Why does progression seem to slow down as an English learner moves from beginner to more advanced skills?

The journey of learning English

When presenting at ELT conferences, I often ask the audience – typically teachers and school administrators – “When you left home today, to start your journey here, did you know where you were going?” The audience invariably responds with a laugh and says yes, of course. I then ask, “Did you know roughly when you would arrive at your destination?” Again the answer is, of course, yes. “But what about your students on their English learning journey? Can they say the same?” At this point, the laughter stops.

All too often English learners find themselves without a clear picture of the journey they are embarking on and the steps they will need to take to achieve their goals. We all share a fundamental need for orientation, and in a world of mobile phone GPS we take it for granted. Questions such as: Where am I? Where am I going? When will I get there? are answered instantly at the touch of a screen. If you’re driving along a motorway, you get a mileage sign every three miles.
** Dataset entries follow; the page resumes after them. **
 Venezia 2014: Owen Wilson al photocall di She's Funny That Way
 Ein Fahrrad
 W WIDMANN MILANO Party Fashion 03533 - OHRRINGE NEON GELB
When they stop appearing regularly we soon feel uneasy. How often do English language learners see mileage signs counting down to their learning goal? Do they even have a specific goal?

Am I there yet?

The key thing about GPS is that it’s very precise. You can see your start point, where you are heading and tell, to the mile or kilometer, how long your journey will be. You can also get an estimated time of arrival to the minute. As Mike Mayor mentioned in his post about what it means to be fluent, the same can’t be said for understanding and measuring English proficiency. For several decades, the ELL industry got by with the terms ‘beginner’, ‘elementary’, ‘pre-intermediate’ and ‘advanced’ – even though there was no definition of what they meant, where they started and where they ended.

The CEFR has become widely accepted as a measure of English proficiency, bringing an element of shared understanding of what it means to be at a particular level in English. However, the wide bands that make up the CEFR can result in a situation where learners start a course of study as B1 and, when they end the course, they are still within the B1 band. That doesn’t necessarily mean that their English skills haven’t improved – they might have developed substantially – but it’s just that the measurement system isn’t granular enough to pick up these improvements in proficiency.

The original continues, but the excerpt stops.